Work item: Retype the material that follows exactly, limited to the lines from the one with "Twelve-color lip liner non-fading" through the one with "Guess GUHCS23L4GMGPI hardcase", and keep out all pictures.

****

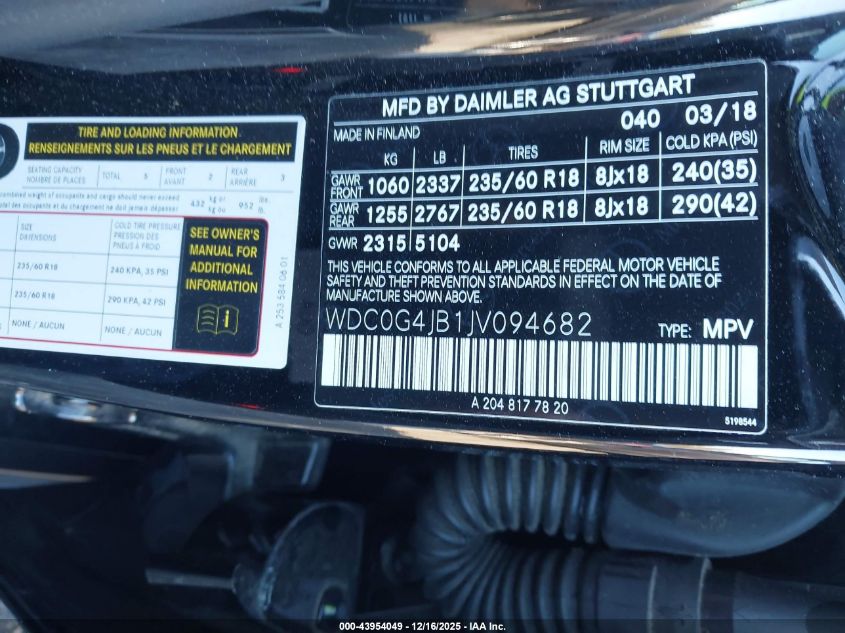 2018 Mercedes-Benz Glc 300 VIN: WDC0G4JB1JV094682 Lot: 43954049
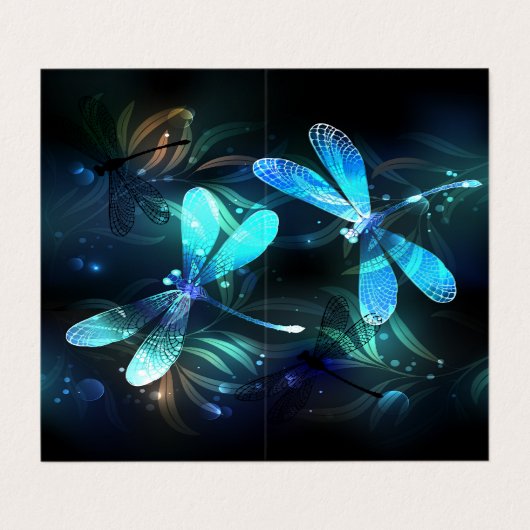 Glanzende Libellenmeer Visitekaartje (Buitenkant ongevouwen)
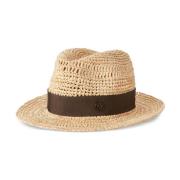 Beige Fedora Sjaal met Bruin Lint Maison Michel , Beige , Dames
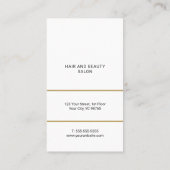 白モダンエレガント金はさみ美容師 名刺 (裏面)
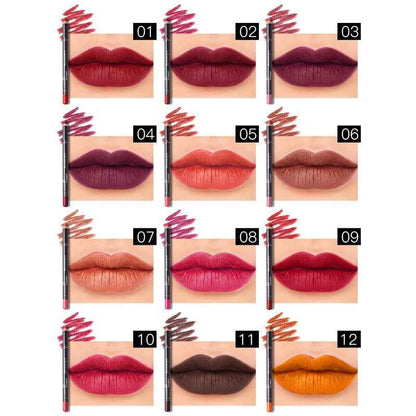 Twelve-color lip liner non-fading matte velvet lipstick pen Pudaier Twelve-Color Lip Liner | Waterproof, Non-Fading Matte Velvet
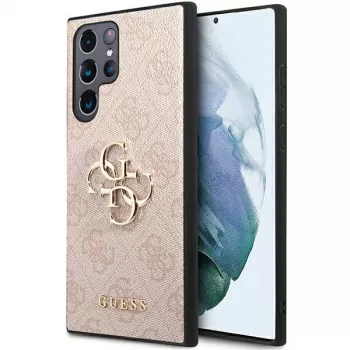 Guess GUHCS23L4GMGPI hardcase voor Samsung Galaxy S23 Ultra, roze, 4G Big Metal Logo
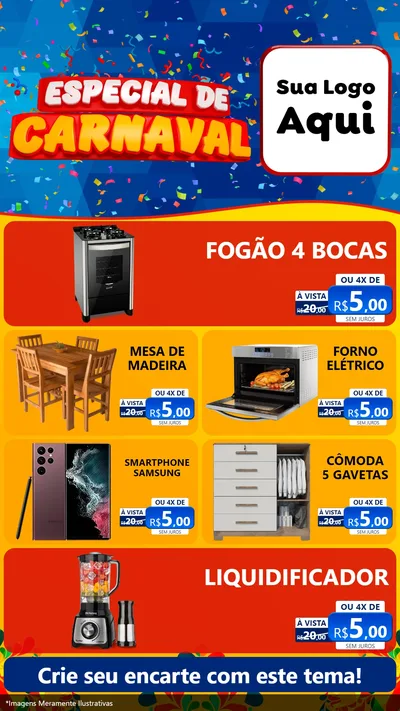 Modelo de TV para TV Vertical com o tema Especial de Carnaval para Móveis e Eletro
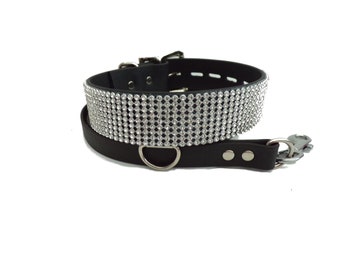 Real Leather collar With Rhinestone Trim l Princess Collar Choker l Fashion Leather With Rhinestones l Bling Leather Choker Collar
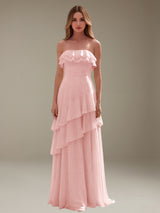 Flowy A-Line Strapless Bridesmaid Dress Floor Length with Ruffles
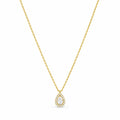 Collana Goccia Mini Dorata Con Swarovski Bianchi e Diamante Centrale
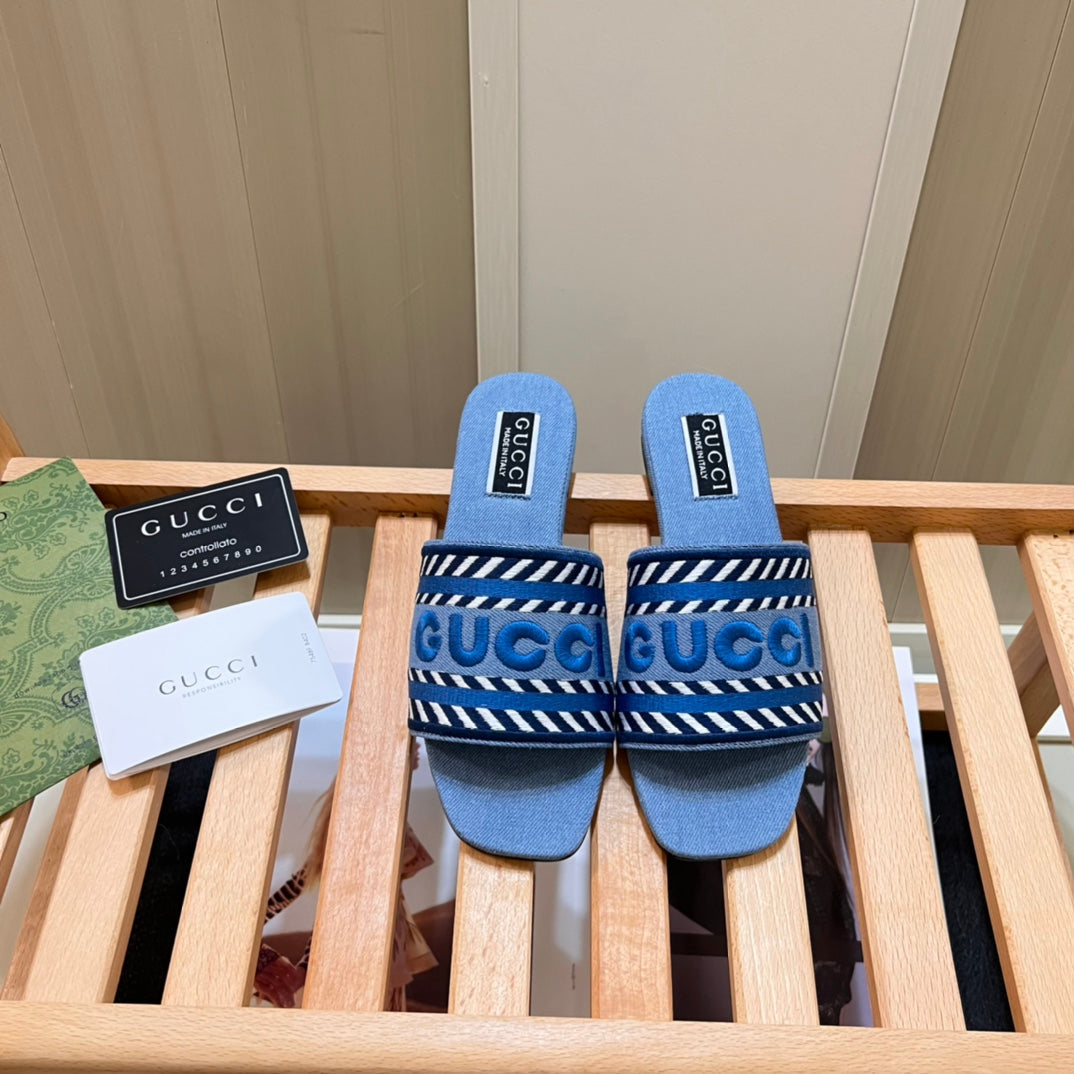Letters Denim Flat Slippers mysite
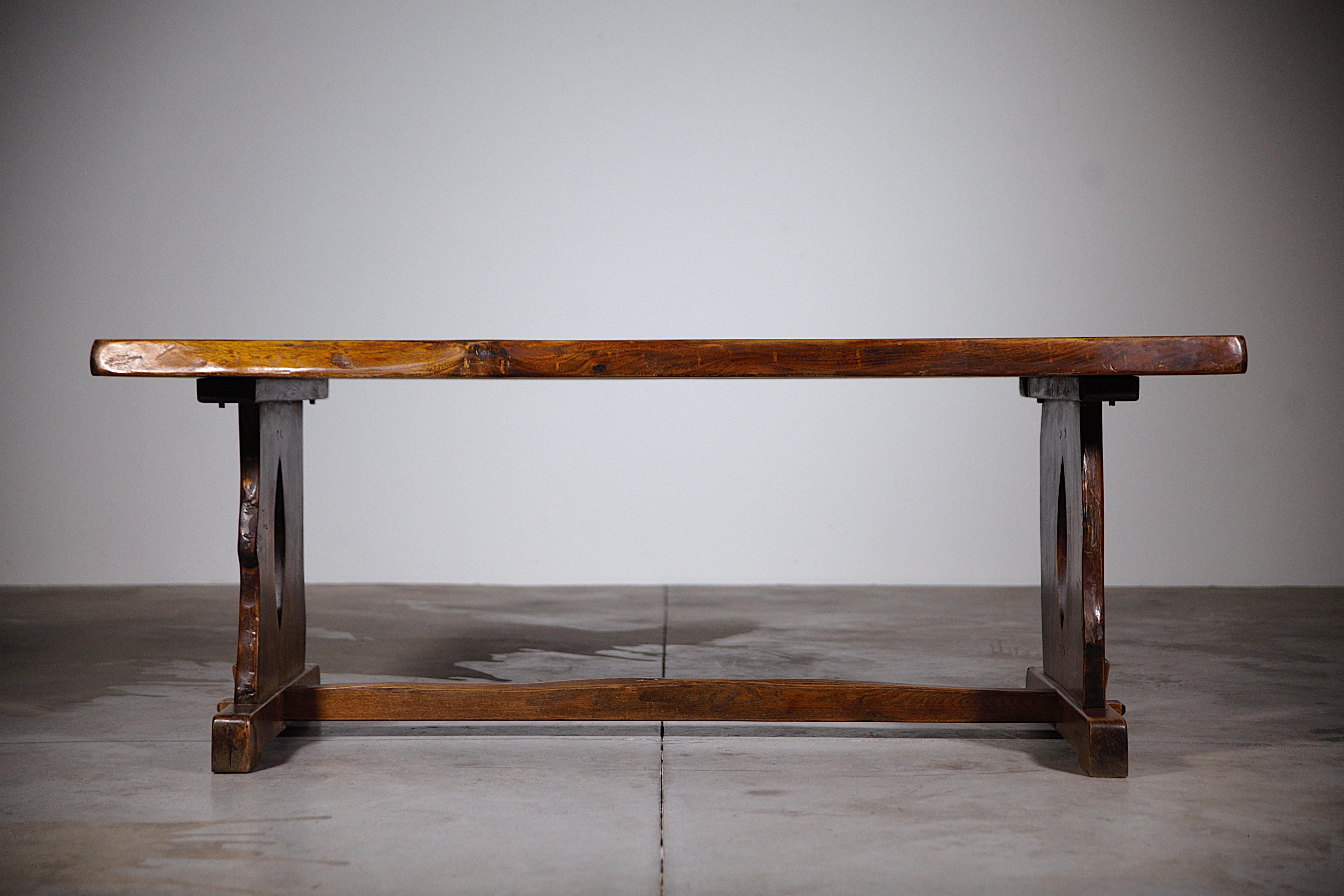 Wood A Mountain Dining Table by Aranjou France 1970's For Sale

****

Answer box:
 Twelve-color lip liner non-fading matte velvet lipstick pen Pudaier Twelve-Color Lip Liner | Waterproof, Non-Fading Matte Velvet
 Guess GUHCS23L4GMGPI hardcase voor Samsung Galaxy S23 Ultra, roze, 4G Big Metal Logo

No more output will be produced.